BY GEORGE FRIEDMAN
Donald Trump deeply upset the Europeans when he raised the possibility that NATO is obsolete and that the European Union is failing.
But this isn’t the first time these issues have been discussed. I wrote about it last year, and the conversation has only continued.
What Trump has done is simply bring into the open the question of Europe’s relationship with the US.
The missions and motives of NATO and the EU
NATO was an alliance with a single purpose: to protect Western Europe from a Soviet invasion.
The basic structure of NATO didn’t change when the Soviet Union collapsed in 1991. It simply grew to include the former Soviet satellite states and the Baltic states.
The motive behind the expansion was to bring these countries into the framework of the Western defense system in order to give them confidence in their independence. And help support the development of democracies.
The motivation was roughly the same for expanding the EU. The bloc was primarily an economic union. Simply being an EU member was believed to enhance prosperity, so that even the economically weakest country would become strong after attaining membership.
The real goal was to expand the EU as far as possible. As with NATO, EU expansion had less to do with the EU’s primary mission than with political and ideological factors.
NATO is obsolete if it can’t support the US’ interests
The EU question is ultimately a European problem.
But NATO is an alliance. The US has important and legitimate interests. But there are questions.
First, with the Soviet Union gone, what is NATO’s purpose?
Second, how does NATO serve the American national interest?
Third, given that the EU has almost as large a GDP and almost 200 million more people than the US, why isn’t its collective contribution to NATO’s military larger than the US?
The automatic answer to the first question is fairly basic: NATO’s purpose is to guarantee its members’ security.
On the second question, it cannot be argued that NATO has served American interests since 1991.
It is true that NATO’s area of responsibility is focused on Europe. The US’ current wars are outside of this area. But from the American point of view, having an alliance with a region where large-scale warfare is unlikely makes little sense.
NATO must evolve with the needs of its members. If it can’t, it can be seen (as Trump put it) as obsolete.
This brings us to the third question, the size of the European force. A military alliance needs a military.
Many European countries, in times of wealth as well as constraint, have chosen not to create a force large enough to support American interests.
Even when NATO commits to fighting alongside the Americans, European capabilities limit their contribution. There is no automatic support from NATO. The countries that want to participate, fight with as much or as little as they choose to send.

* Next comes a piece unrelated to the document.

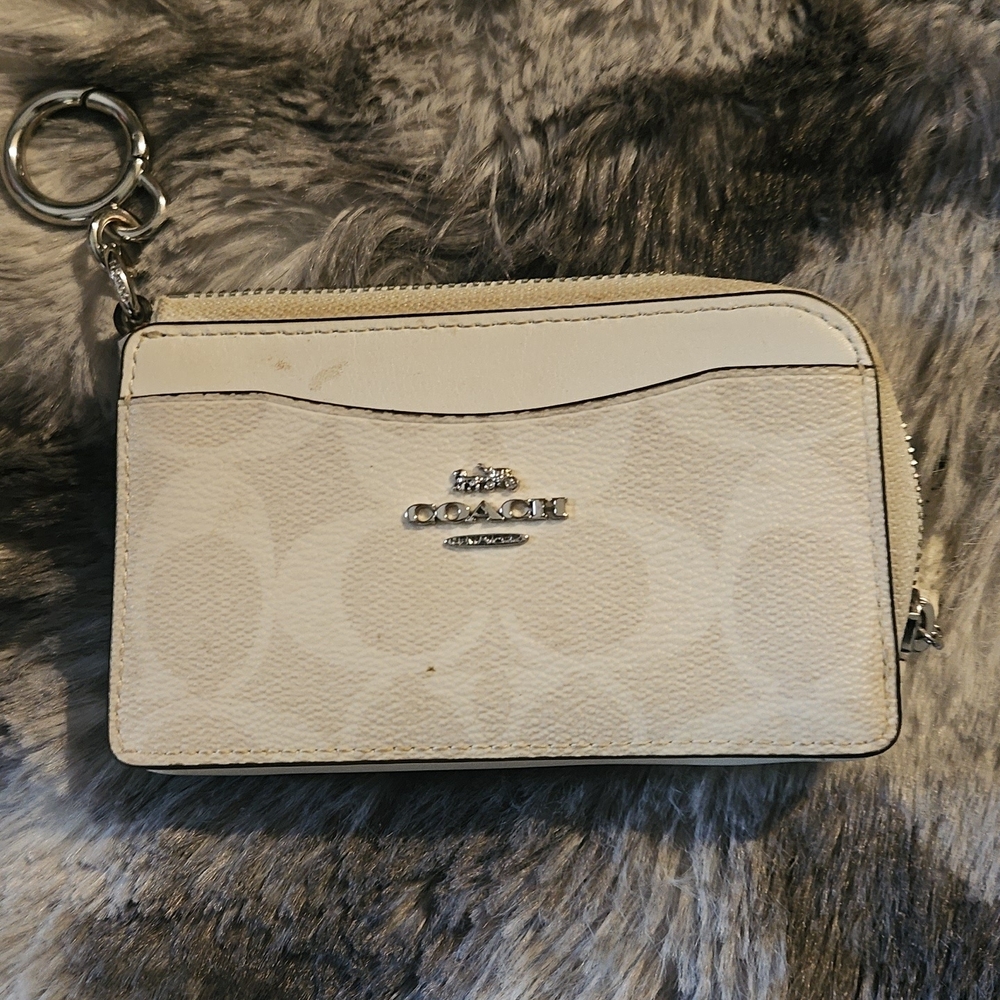 Coach Cream Wristlet with Keyring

This is their right as sovereign states. But this radically changes their relationships with the US. They would participate in a US-led war if it was in their self-interests.

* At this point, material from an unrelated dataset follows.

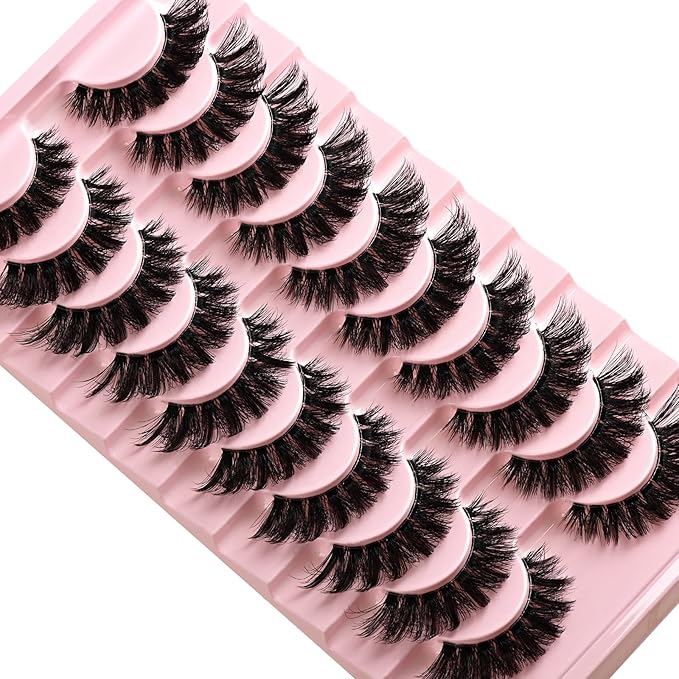 Lashes False Wispy Eyelashes Volume Cat Eye Lash Strips Fake Mink Eyelash Pack Natural Look Fluffy Full Strip Lashes Set Clear Band Easy Eyelashes for Beginners with Cluster Looking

Nations have the right and obligation to carry out their foreign and military policies as they wish. But an alliance holds nations to behave in a certain way given certain events.

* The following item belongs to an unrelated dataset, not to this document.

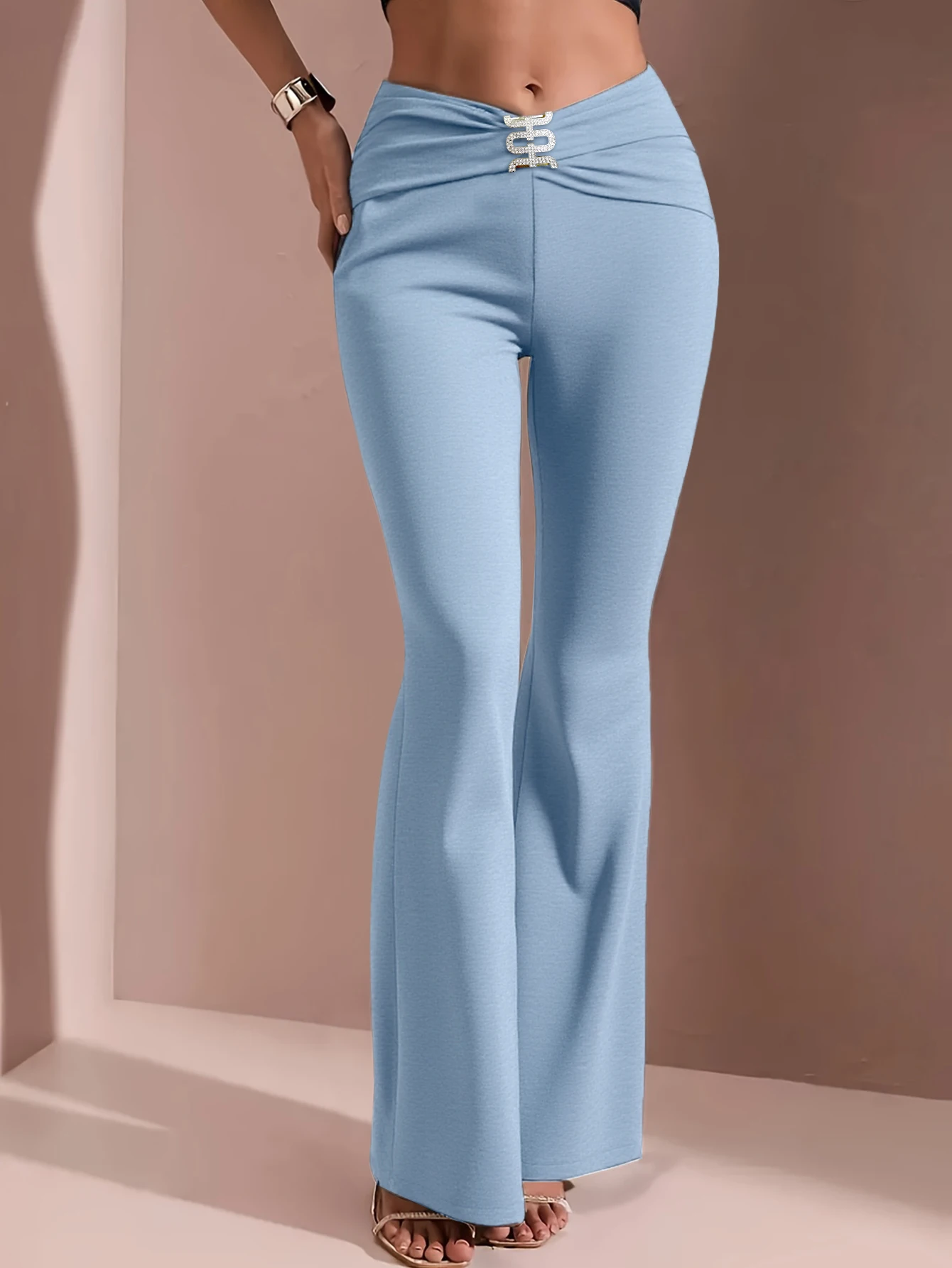 Women's Modest Fashion Wrap Pants Summer Elegant Chic Plain Full Length Casual Trousers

Europeans must face two facts
First, the wars that matter to the US are being fought in the Islamic world. Second, Europe is not struggling to recover from World War II. Its military capabilities should be equal to those of the US.
NATO is obsolete if it defines its responsibility mainly to repel a Russian invasion. Especially since it refused to create a military force capable of doing that. It is obsolete in that it regards the US as the guarantor of Europe’s security when Europe is quite capable of incurring the cost of self-defense.
If European nations are free to follow their own interests, then so is the United States.
When we step back, we see a broader truth. First, the European Union is breaking. Europe is in no position to do unanimously supported NATO operations. For the Europeans, NATO is important because it means that, in the rare chance of a European war, the US must be there.
The United States wants to stop Russian hegemony over the European Peninsula. But the US can deal with that by placing limited forces in the Baltics, Poland, and Romania. The Europeans have devolved NATO into bilateral relations between the US and each NATO member. So, the United States can do the same. Also, the US can accept the status quo in Ukraine, written or unwritten. The US is not going to war in Ukraine. Russia is not going to war there either.
Trump’s approach to NATO has been forced on the US by the Europeans. NATO doesn’t work as an alliance. It is a group of sovereign nations that will respond to American requests as they see fit. The US knows this and at some point, someone was going to point out that NATO is obsolete.
The matter can be summed up the following way. What is the commitment of European countries to the United States? And what is the US commitment to Europe?
It is not clear that there is a geopolitical basis for this commitment any more. Interests have diverged. NATO is not suited to the realities of today.